◆ **Activity**
A line belongs in the answer if it contains "Pendant"; copy every such line from the entries below.

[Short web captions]
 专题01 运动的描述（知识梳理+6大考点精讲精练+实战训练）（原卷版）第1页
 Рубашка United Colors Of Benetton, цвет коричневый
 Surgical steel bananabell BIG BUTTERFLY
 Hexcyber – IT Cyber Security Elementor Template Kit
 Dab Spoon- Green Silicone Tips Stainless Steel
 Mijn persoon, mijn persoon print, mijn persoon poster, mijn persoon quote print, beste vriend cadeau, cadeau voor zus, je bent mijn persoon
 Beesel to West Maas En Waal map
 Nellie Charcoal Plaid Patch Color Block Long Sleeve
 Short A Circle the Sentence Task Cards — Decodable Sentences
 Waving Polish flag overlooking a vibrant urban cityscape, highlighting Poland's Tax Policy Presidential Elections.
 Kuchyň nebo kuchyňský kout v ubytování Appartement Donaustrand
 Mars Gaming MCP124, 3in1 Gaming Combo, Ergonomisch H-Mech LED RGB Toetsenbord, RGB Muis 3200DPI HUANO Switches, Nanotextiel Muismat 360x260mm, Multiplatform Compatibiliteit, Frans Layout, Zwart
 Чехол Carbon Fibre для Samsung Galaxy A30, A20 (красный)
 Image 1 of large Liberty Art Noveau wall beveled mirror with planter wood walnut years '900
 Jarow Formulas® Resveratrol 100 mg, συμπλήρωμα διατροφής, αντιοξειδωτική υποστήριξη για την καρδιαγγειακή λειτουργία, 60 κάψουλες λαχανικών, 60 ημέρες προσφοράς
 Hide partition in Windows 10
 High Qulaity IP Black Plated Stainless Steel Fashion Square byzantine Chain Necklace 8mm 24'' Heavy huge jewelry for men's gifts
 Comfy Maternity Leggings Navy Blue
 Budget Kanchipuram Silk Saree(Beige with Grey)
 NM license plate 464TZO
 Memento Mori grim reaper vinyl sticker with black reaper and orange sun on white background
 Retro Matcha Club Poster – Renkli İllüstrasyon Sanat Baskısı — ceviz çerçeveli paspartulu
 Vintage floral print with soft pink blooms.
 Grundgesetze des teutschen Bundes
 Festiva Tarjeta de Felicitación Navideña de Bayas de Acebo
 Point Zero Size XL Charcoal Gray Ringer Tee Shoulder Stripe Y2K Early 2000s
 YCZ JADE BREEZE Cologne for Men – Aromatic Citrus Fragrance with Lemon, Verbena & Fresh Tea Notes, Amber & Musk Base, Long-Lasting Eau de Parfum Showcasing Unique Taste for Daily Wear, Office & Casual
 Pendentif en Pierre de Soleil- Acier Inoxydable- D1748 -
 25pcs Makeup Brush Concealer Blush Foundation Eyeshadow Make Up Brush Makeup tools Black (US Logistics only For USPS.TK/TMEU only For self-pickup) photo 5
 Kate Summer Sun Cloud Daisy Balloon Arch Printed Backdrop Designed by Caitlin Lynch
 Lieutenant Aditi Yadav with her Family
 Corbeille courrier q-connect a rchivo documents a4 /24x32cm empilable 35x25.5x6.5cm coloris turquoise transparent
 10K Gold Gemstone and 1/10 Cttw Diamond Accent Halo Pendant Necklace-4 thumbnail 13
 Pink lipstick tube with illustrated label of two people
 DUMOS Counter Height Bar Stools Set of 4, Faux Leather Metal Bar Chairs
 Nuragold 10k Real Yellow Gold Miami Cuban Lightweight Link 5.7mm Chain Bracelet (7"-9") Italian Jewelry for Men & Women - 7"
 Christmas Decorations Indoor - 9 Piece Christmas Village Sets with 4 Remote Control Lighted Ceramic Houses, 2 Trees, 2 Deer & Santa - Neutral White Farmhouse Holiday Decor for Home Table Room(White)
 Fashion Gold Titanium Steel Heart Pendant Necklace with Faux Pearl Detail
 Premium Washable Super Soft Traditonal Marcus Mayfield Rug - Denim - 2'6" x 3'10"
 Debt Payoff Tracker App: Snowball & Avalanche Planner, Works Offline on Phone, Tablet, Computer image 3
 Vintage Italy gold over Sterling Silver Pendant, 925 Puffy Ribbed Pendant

◆ **Your response**
 10K Gold Gemstone and 1/10 Cttw Diamond Accent Halo Pendant Necklace-4 thumbnail 13
 Fashion Gold Titanium Steel Heart Pendant Necklace with Faux Pearl Detail
 Vintage Italy gold over Sterling Silver Pendant, 925 Puffy Ribbed Pendant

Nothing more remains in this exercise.